SIGAR’s report quoted Ryan Crocker, who re-opened the US Embassy in Kabul soon after the September 11, 2001 attacks and served again as ambassador in 2011-2012 as saying that “the ultimate point of failure for our efforts wasn’t an insurgency. It was the weight of endemic corruption.”
The report comes with recommendations for addressing corruption risks to US strategic objectives for future missions. It recommended that Congress pass legislation to make clear “that anticorruption is a national security priority in a contingency operation” and required strategies, benchmarks and “annual reporting on implementation.” It also recommended that Congress consider sanctions and the DOD, State and USAID should establish a joint vetting unit to better vet contractors and subcontractors in the field.

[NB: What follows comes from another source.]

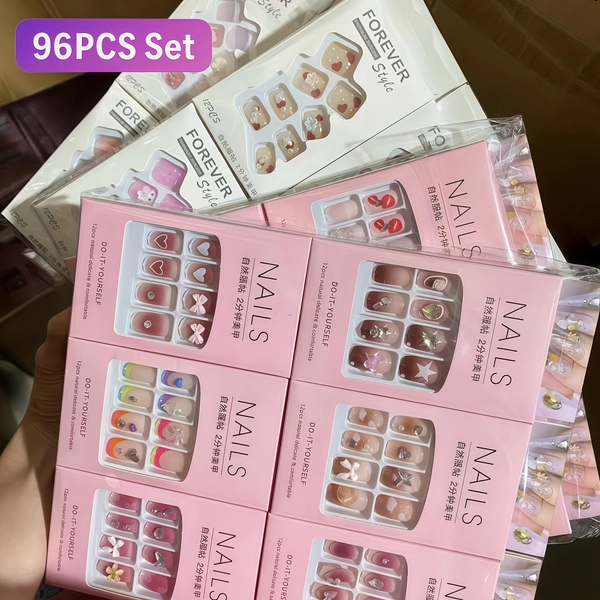 96pcs Nail Art Combo Set | Cute and Colorful Collection with Heart, Bow, and Flower Designs in Pink and Nude Tones | Includes Glossy, 3D, and Pastel Styles for Daily Wear or Special Occasions | Easy to Apply and Comfortable to Wear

The recommendations for the executive branch level are that interagency task force should formulate policy and lead strategy on anticorruption during an operation and the intelligence community should analyze links between host government officials, corruption, criminality, trafficking and terrorism and provide regular updates.
“In Afghanistan today, corruption remains an enormous challenge to security, political stability, and development,” SIGAR said.